Starling and Coot reclaim their nests

A Starling claimed a nest hole in a plane tree beside the Serpentine. It was always a Starling hole till the invasive Rose-Ringed Parakeets arrived and stole it. But now it looks as if the Starlings have managed to take it back.

A female Greenfinch came out on a tree near the bridge.

Below, the Long-Tailed Tits brought bits of lichen ...

... and spider web to their nest ...

... and a Robin spread its wings to take off.

The Redwings on the Parade Ground are coming closer and closer, but they'll be off any day now.

A Feral Pigeon preened his mate.

A Carrion Crow did its best to look charming in a patch of daffodils.

Two pictures from Kensington Gardens by Ahmet Amerikali: a Great Spotted Woodpecker ...

... and a fine shot of a Jay in flight.

I didn't see many of the usual Jays today. They may be busy nesting.

The leg colour of Common Gulls is varied, ranging from quite bright yellow ...

... through straw and off-white to grey.

Some northern European birds, which are darker than the ones we see here, have charcoal grey legs.

A Cormorant scratched its chin on a post at Peter Pan.

A new pair of Great Crested Grebes have arrived on the Serpentine, and now they have to claim territory in the face of the two existing pairs. A faceoff ensued, with a lot of threatening, diving and advancing under water, but they avoided an actual fight.

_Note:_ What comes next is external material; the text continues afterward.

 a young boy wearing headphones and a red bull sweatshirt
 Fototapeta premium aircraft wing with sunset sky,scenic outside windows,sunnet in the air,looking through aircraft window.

It was one of these pairs that stole the Coots' nest at the Diana fountain landing stage. The Coots have now taken it back and are guarding it. It's in a poor location and not really desirable.

A Moorhen was caught in a tailwind.

The last surviving Egyptian gosling wandered away from its parents and was attacked by another Egyptian. Luckily it wasn't hurt.

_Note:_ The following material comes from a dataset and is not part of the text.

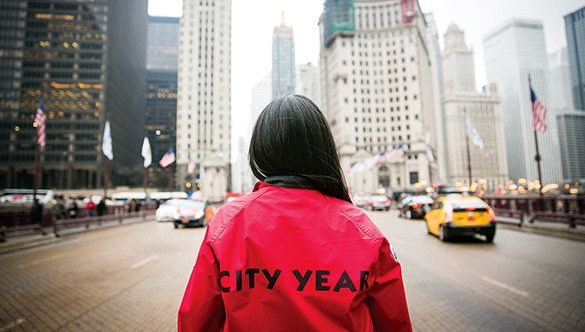ɫƵ AmeriCorp Member with their back towards the camera facing a large cityscape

  1. I can't bear to look at the poor thing. I don't think it has many chances.

    The Carrion Crow is certainly looking very attractive among the yellow flowers. I think it knows that it sets its fine figure to advantage.

    1. It's sad how savage Egyptians are to baby birds that are quite likely their first cousins. A Canada Goose would help to look after its relatives, but Egyptians are not proper geese.

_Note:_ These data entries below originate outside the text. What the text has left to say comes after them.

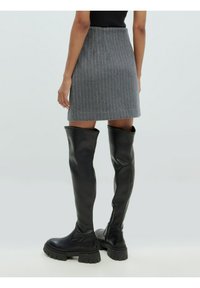 Bottes noires au-dessus du genou avec une semelle épaisse, en cuir lisse. Elles présentent une coupe ajustée, complétées par une jupe gris à rayures au-dessus.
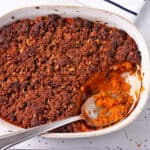 Sweet potato casserole with crumble topping in a baking dish with a spoon.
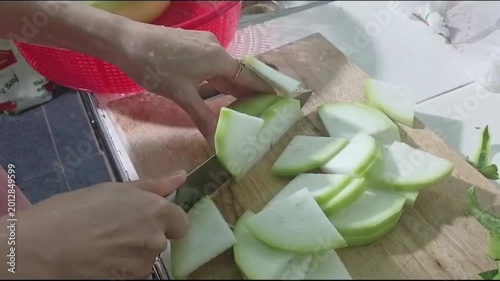 Hand Slicing Fresh Winter Melon on a Wooden Cutting Board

  2. Well done on the Starlings reclaiming territory! It's a species that does seem absent in parts of London but common in others. When I was at Kew Gardens a couple of days ago not a single bird, get several in my garden & at one of my local patches at Warren Farm often a flock of c200 birds.

    Fine portrait of the Redwing-we will miss seeing these soon! Great shot of the Jay in flight too.

    1. I think there are about 200 Starlings in the park, not enough for an impressive flight but they do their best.

      The Redwings seem to be hanging on. There were more today, at least 40 on the ground and more twittering in the trees. They are eating worms as tough they were going out of fashion. But now the strong east wind has stopped there's nothing else to keep them here.

  3. Do you think that parakeets are an invasive species? By that I mean harms biodiversity unlike for example little owls which don't seem to.

    1. Yes, absolutely. They drive out smaller birds, steal nest holes and wreck trees by ripping of leaf buds.